Le procès de l’arrogance

Les journalistes ont pris la mouche et leur colère a entraîné celle de leurs lecteurs et auditeurs. Tout le monde s’offusque désormais des paroles de l’honorable Anil Bachoo, qui a jugé que les journalistes ne sont que des « zanimo » et des « malades mentaux ». Puisque nous allons faire le procès de l’arrogance, commençons par nous excuser de la nôtre. Les propos du vice-Premier ministre sont-ils en effet aussi graves et insultants qu’on le pense ? Peut-être pas.

C’est que le bestiaire de la presse locale est riche. On y trouve de vieux hiboux sages dont les analyses sont avisées. Des loups, qui ont organisé et dirigé de nombreuses chasses à l’information et dont la connaissance du terrain est profonde. Une foule de fouines et de renards qui ne cessent de renifler afin de remonter jusqu’à la nouvelle fraîche. La faune de la presse comprend également quelques chevaux fous qui ruent dans les brancards ainsi que des vautours prêts à fondre avec appétit sur des cadavres. Tragiquement, quelques chiens galeux y ont aussi trouvé refuge. Ceux-là vendent leur plume au plus offrant. Pas de doute donc, les « zanimo » pullulent bien dans la presse.

Les fous aussi ! Benjamin Franklin, l’un des pères fondateurs des Etats-Unis, avait une belle définition de la folie : «  faire et refaire la même chose et s’attendre à un résultat différent. » Si ce n’est pas le portrait craché des « malades mentaux » de la presse indépendante, cela y ressemble beaucoup. Avec la même ardeur, les journaux et radios privées révèlent des « affaires » : les zones fantômes de Jin Fei et Neotown, Medpoint, CT Power, Boskalis, le cas Soornack, les Ponzi Schemes, les responsabilités des inondations meurtrières, la saga CNT, MITD, Sarako, les radars routiers… La liste est non exhaustive !

Pourtant, malgré la litanie des faits perturbants, les responsables politiques et administratifs des institutions continuent à jouir d’une sorte d’immunité qu’aucune enquête – quand il y en a une – ou fact-finding committee n’arrive vraiment à mettre à mal. Qu’importe, les « malades mentaux » se bousculent pour s’intéresser au prochain scandale.
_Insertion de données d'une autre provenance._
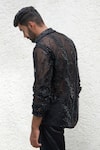 Shop_Mahima Mahajan_Black Net Embroidery Sequin Abraham Cordelia Shirt_at_Aza_Fashions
Sans se soucier du fait que leurs révélations restent souvent sans suite administrative ou judiciaire. Pendant ce temps, le pouvoir, drapé de toute son arrogance, reste hermétique à la critique et incapable d’afficher un quelconque sens des responsabilités.

Pov Bacho^p$$

Le Premier ministre a sans doute contribué de manière décisive à installer un climat d’impunité et d’irresponsabilité au sein de sa majorité en faisant très peu de cas des révélations de la presse. Ramgoolam se satisfait amplement de balancer des « to pou kone ar moi » aux gratte-papiers et de dénigrer leurs capacités de « semi-intellectuels » faisant preuve d’une « ridicule imbécilité ». A coups de tsunami annoncé, mais jamais venu, et de menaces à l’encontre des ministres médiocres jamais mises à exécution, le Premier ministre complète la démonstration de l’impunité régnant au gouvernement.

C’est probablement conditionné par ce climat que l’ancien Attorney General Yatin Varma s’est laissé aller à penser que  sa fonction lui offrait une sorte d’immunité totale ‑ une assurance tous risques ‑ contre laquelle un gamin inconscient et toute une bande de « zanimo » ne peuvent rien. Il sait désormais qu’il a eu tort.

A vrai dire, aucun homme ne mérite la descente aux enfers que connaît Yatin Varma. Quelque part, même si les Mauriciens le jugent sévèrement, ils saisissent aussi la tragédie que vit l’homme, le mari, le père et le fils qu’il est. Ainsi, le bons sens nous conduit à envisager cette toute autre voie que Varma, alors Attorney General, ne semble même pas avoir vue : celle de l’humilité. Il faut en effet se demander où en serait cette affaire, si Varma, quelques jours après s’être emporté contre Florent Jeannot, avait organisé une conférence de presse durant laquelle il aurait simplement et sincèrement présenté des excuses publiques pour son comportement.

Les Mauriciens apprécient les hommes qui assument leurs responsabilités. Nous pouvons affirmer que cet épisode aurait été oublié si Varma avait agi ainsi. Nous pouvons aussi penser que la meute de « zanimo » et de «malades mentaux » serait aujourd’hui en train de courser un autre scandale. C’est ce qui aurait pu se produire. Mais l’arrogance est passée par là.